The type assertions in getproperty are now where the type instability manifest. If we compile just for Node{T} then we do not know whether the type assertions will throw or not so there is now a branch in the code paths. If we compile for Node{T, Bool, UInt16, UInt8} then we know for the constant fields that the type assertion will not throw and we can just elide out the branch that throws.
What we do need to weigh here is the cost of compilation versus the efficiencies gained. With the three constant fields, there are 8 types for each T that we have to compile for.
| n | C |
F |
O |
|---|---|---|---|
| 1 | nothing | nothing | nothing |
| 2 | nothing | nothing | UInt8 |
| 3 | nothing | UInt16 | nothing |
| 4 | nothing | UInt16 | UInt8 |
| 5 | Bool | nothing | nothing |
| 6 | Bool | nothing | UInt8 |
| 7 | Bool | UInt16 | nothing |
| 8 | Bool | UInt16 | UInt8 |
Thanks. Indeed Iām not sure how practical this is compared to simply having the field be constant but I will check to see.
The thing I was mainly concerned about with the Union{T,Nothing} approaches is whether it is amenable to static compilation. For example it doesnāt seem I can simply malloc structs made with union fieldsā¦
julia> struct MyStruct1
a::Union{Float64,Nothing}
end
julia> isbits(MyStruct1(1.0))
false
julia> struct MyStruct2
a::Float64
end
julia> isbits(MyStruct2(1.0))
true
(My assumption here is that T would be isbitstype FYI).

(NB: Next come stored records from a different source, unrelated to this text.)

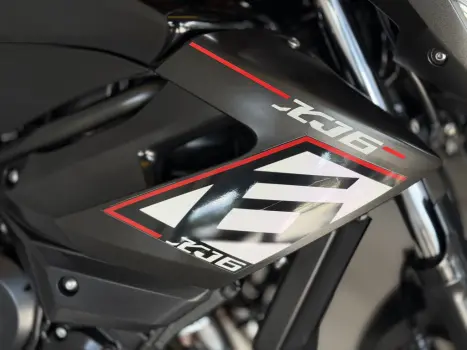 YAMAHA XJ6 600 N, Foto 4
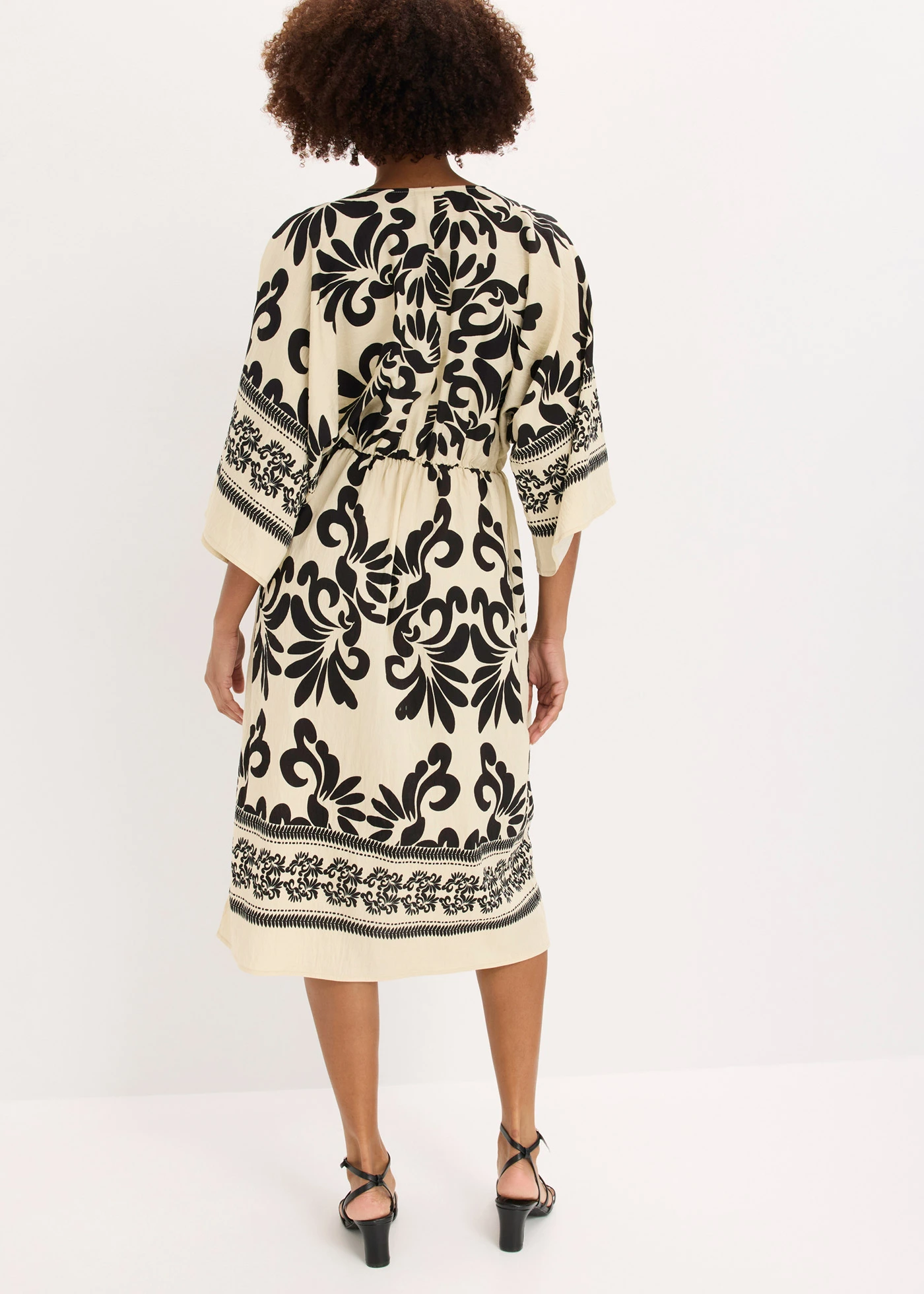 Robe midi fluide en viscose majoritaire • crème-noir imprimé • Boutique bonprix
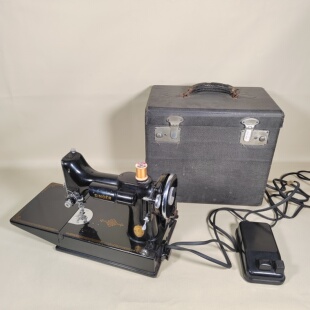 美国古董胜家SINGER歌手小型电动老式缝纫机带原箱怀旧老货功能ok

This is my original motivation for avoiding Union and any other type unstable code.
I see that I canāt simply work with undefined .val either in statically compiled code, as it needs to access all fields, leading me back to think about trying the jl_new_struct_uninit approach suggested by @foobar_lv2ā¦
You are mixing various āstaticā concepts.
Letās just talk about the meaning of isbits as below. All that we are asking below is whether it is immutable and can be composed of primitive types. In terms of memory allocation, we just need to understand the implications for memory layout.

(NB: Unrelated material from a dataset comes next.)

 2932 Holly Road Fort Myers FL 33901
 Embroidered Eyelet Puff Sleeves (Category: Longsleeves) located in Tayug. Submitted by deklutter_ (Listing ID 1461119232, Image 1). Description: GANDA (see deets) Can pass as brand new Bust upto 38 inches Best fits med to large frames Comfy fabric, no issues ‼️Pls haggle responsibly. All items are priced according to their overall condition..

julia> struct MyStruct3{A <: Union{Float64,Nothing}}
a::A
end
julia> isbits(MyStruct3(1.0))
true
julia> isbits(MyStruct3(nothing))
true
julia> isbitstype(MyStruct3{Float64})
true
julia> isbitstype(MyStruct3{Nothing})
true
julia> isbitstype(MyStruct3{Union{Float64,Nothing}})
false
julia> isbits(MyStruct3{Union{Float64,Nothing}}(1.0))
false
This has indirect implications for memory layout. Memory layout consists of two parts: 1) the data, and 2) the metadata to denote internal types. For bits types, we usually do not need any metadata because all the information we need is encoded in the overall type attached to binding. When there are abstract types or unions involved, we do need metadata to denote which types were actually used.

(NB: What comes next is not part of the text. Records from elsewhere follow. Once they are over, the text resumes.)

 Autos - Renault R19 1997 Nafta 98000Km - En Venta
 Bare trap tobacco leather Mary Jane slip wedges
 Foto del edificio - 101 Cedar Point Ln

Below we see that the different parameters impact the number of bytes needed to store each type.
julia> sizeof(MyStruct3{Nothing})
0
julia> sizeof(MyStruct3{Float64})
8
julia> sizeof(MyStruct3{Union{Float64,Nothing}})
16
Seeing that we need at most 16 bytes to store each of the types above, letās malloc that and wrap that as an array for convenience. We could have also just used zeros below, but Iām using malloc explicitly because you mentioned it.
julia> ptr = Libc.malloc(16)
Ptr{Nothing} @0x0000000002e81bc0
julia> A = unsafe_wrap(Array, Ptr{UInt}(ptr), 2; own=false);
julia> fill!(A, 0)
2-element Vector{UInt64}:
0x0000000000000000
0x0000000000000000
First, letās look at the memory layout of MyFloat3{Float64}. From above we know this is 8-bytes, the same size of the Float64 contained within. Indeed all that we stored below is the floating point value.
julia> let S = MyStruct3{Float64}
fill!(A, 0)
unsafe_store!(Ptr{S}(ptr), S(1.0))
display(A)
end
2-element Vector{UInt64}:
0x3ff0000000000000
0x0000000000000000
julia> let S = MyStruct3{Float64}
fill!(A, 0)
unsafe_store!(Ptr{S}(ptr), S(0.5))
display(A)
end
2-element Vector{UInt64}:
0x3fe0000000000000
0x0000000000000000
The values 0x3ff and 0x3fe correspond to 1023 and 1022. These indicate the exponent of the floating point value offset by 1023. They thus correspond to 2^0 and 2^-1.
Next if we use MyStruct3{Union{Float64,Nothing}} we get the following.
julia> let S = MyStruct3{Union{Float64,Nothing}}
fill!(A, 0)
unsafe_store!(Ptr{S}(ptr), S(1.0))
display(A)
end
2-element Vector{UInt64}:
0x3ff0000000000000
0x0000000000007a01
julia> let S = MyStruct3{Union{Float64,Nothing}}
fill!(A, 0)
unsafe_store!(Ptr{S}(ptr), S(nothing))
display(A)
end
2-element Vector{UInt64}:
0x00007fa5a4e9bc08
0x0000000000000200
julia> let S = MyStruct3{Union{Float64,Nothing}}
fill!(A, 0)
unsafe_store!(Ptr{S}(ptr), S(0.25))
display(A)
end
2-element Vector{UInt64}:
0x3fd0000000000000
0x0000000000007a01
The first 8-bytes are the same as with MyStruct3{Float64} but the second set of eight bytes is now populated. The second set of eight bytes corresponds to the type.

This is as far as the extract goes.